With David Hare’s Mountain Light and John Graham’s Mysteria 2, we see inky saturated blues. Hare explores the distant vistas that present as stark forms. What do you think? Has his mountain view lost the modulations of July color now that August is here? What about John Graham? His horses do not frolic in scorching heat, their tails swatting away the horseflies. They are indoors and night has fallen. Perhaps their performance in the show ring was cut short due to the loss of sunlight. They welcome the cooler indoor air, overseen by an enigmatic figure in the background.
Friends Arthur Dove and Georgia O’Keeffe did not bear the full brunt of sticky July, being based in Upstate New York.
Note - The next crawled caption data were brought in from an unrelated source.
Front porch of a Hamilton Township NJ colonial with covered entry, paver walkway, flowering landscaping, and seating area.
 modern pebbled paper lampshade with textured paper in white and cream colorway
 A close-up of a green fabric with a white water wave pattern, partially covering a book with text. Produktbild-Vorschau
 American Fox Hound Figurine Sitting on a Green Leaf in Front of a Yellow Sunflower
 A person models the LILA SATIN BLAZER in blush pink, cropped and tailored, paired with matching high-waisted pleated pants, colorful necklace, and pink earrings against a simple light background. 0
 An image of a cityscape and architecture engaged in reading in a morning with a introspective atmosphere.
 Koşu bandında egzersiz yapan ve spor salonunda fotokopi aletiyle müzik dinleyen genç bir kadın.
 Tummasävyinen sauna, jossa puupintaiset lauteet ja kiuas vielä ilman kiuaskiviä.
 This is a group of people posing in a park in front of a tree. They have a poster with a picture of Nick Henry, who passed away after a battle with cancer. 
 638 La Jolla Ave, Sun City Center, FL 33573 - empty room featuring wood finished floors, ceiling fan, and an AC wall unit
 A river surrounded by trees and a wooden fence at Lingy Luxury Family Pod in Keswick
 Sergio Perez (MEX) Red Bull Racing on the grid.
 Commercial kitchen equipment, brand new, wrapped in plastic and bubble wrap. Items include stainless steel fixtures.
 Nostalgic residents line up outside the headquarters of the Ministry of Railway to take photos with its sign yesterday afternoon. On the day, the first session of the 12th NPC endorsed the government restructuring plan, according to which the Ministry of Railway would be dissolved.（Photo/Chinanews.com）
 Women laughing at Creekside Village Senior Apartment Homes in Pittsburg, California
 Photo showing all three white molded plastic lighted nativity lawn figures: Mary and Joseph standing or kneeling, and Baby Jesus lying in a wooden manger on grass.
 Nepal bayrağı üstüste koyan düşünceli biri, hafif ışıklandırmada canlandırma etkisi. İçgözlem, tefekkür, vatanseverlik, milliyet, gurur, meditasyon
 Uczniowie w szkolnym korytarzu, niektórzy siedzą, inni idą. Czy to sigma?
Imagine the refreshing breeze that came off Seneca Lake, as Dove’s strange deer-creatures wink at each other while enjoying the aimlessness of August that precedes the fervor of rutting season! The sun of O’Keeffe’s Red Hills, Lake George provides enough of a humming warm glow that while staring at it, you are good without a sweater.
What do you make of your last weeks of summer? What images, colors, and sensations give you that assurance that while the calendar unfolds, you are can still luxuriate in the richness of August?
If you need encouragement, take a look at Amy Cutler’s Passage. The red light does not appear to be lit. Our stout matron gives us the green light to enjoy the last month of summer. It does seem that the yellow light is saying, “Slow down, don’t let your focus be on that next thing, September. It is August! Jump on a boat, make your passage, and chug through my skirts to still-green pastures—I will hold your cat while you do!”